• _What you have to do_
Print, word for word, the line containing "Ivory White Silk" and all lines beneath it to the end of the entries below. Pictures do not belong in the copy.

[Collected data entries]
= = =

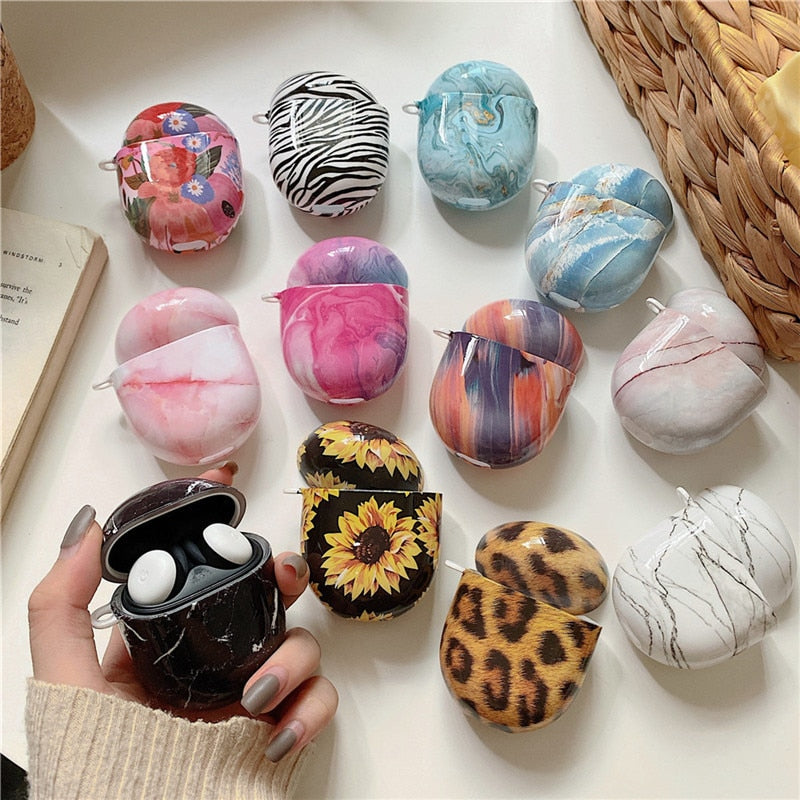 Marble Floral Google Pixel Buds Pro Case - Exoticase -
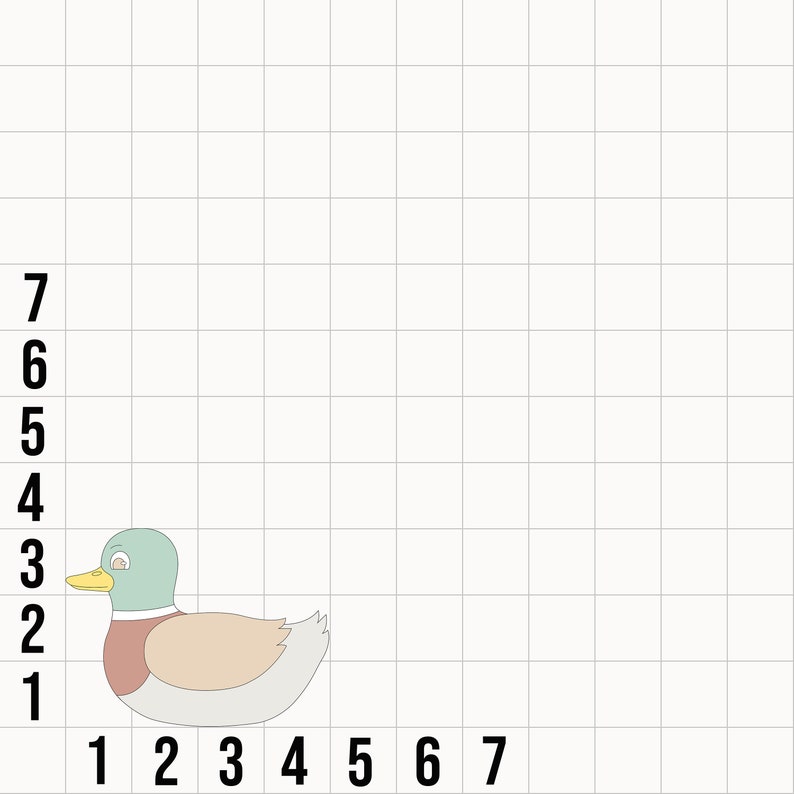 May include: A cartoon illustration of a duck with a green head, brown chest, and grey body on a white grid background.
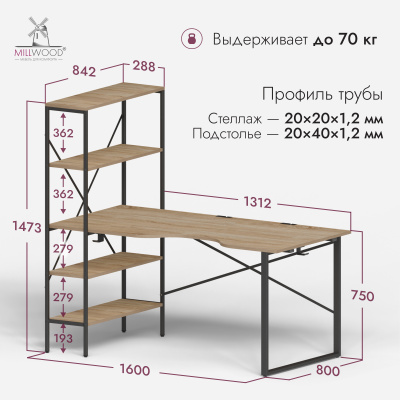 Стол компьютерный Бостон (1600х800), ЛДСП Дуб сонома \ Металлокаркас Черный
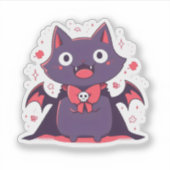Leuke Vampier Kat Sticker (Voorkant)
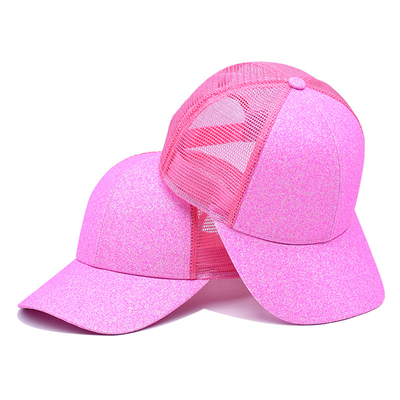 BSCI Adult Trucker Cap 100% Polyester Glitter Front Panels Precurved Bill Pink Trucker Hat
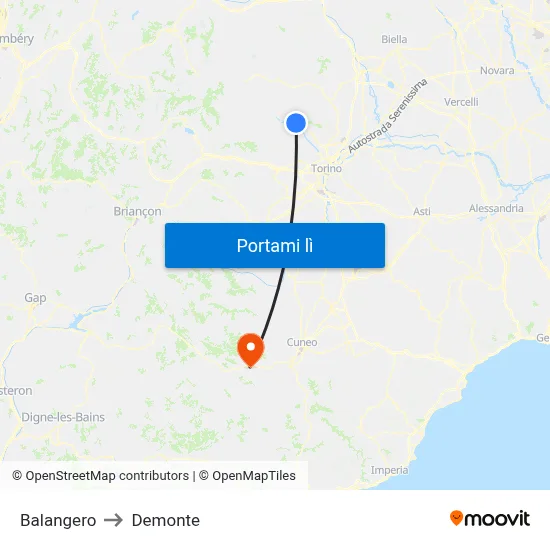 Balangero to Demonte map
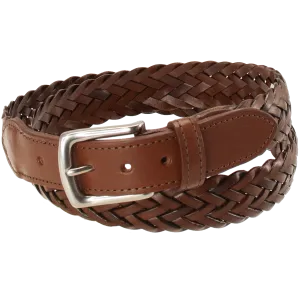 Maxwell Braided Leather Belt Dark Tan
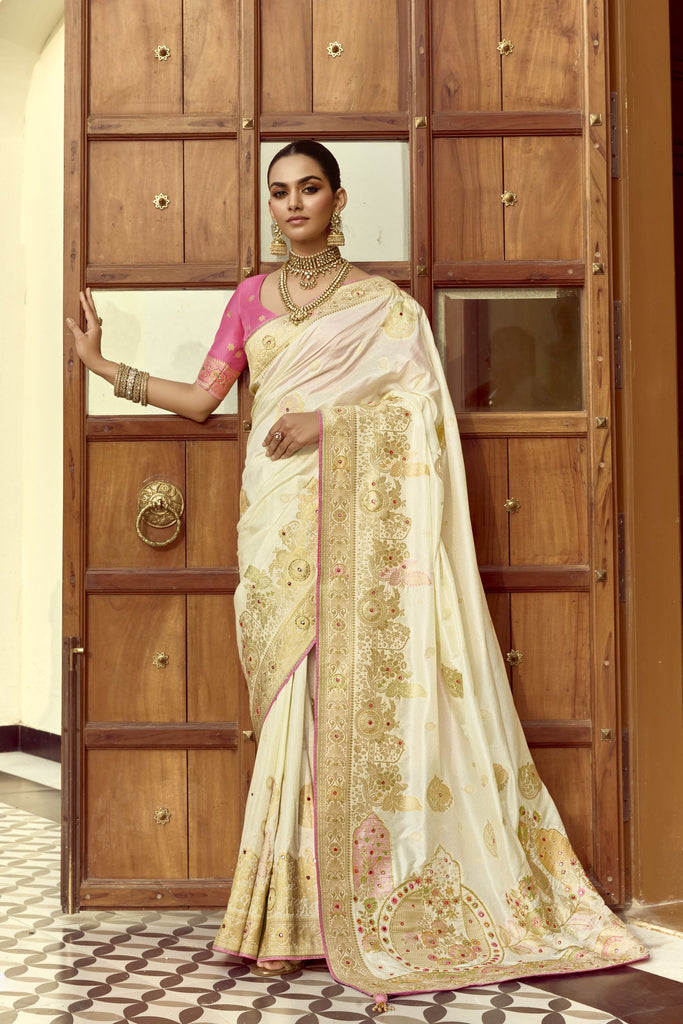 Ivory White Silk Saree with Rich Gold Zari Floral Motifs Pink Contrast Border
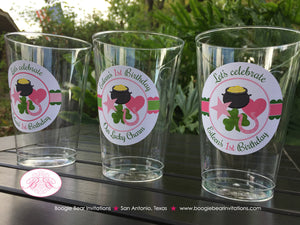 Lucky Charm Birthday Party Beverage Cups Plastic Drink Girl Pink Green St. Patrick's Four Leaf Clover Boogie Bear Invitations Eileen Theme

= = =

• _Your response_
 Ivory White Silk Saree with Rich Gold Zari Floral Motifs Pink Contrast Border
 Lucky Charm Birthday Party Beverage Cups Plastic Drink Girl Pink Green St. Patrick's Four Leaf Clover Boogie Bear Invitations Eileen Theme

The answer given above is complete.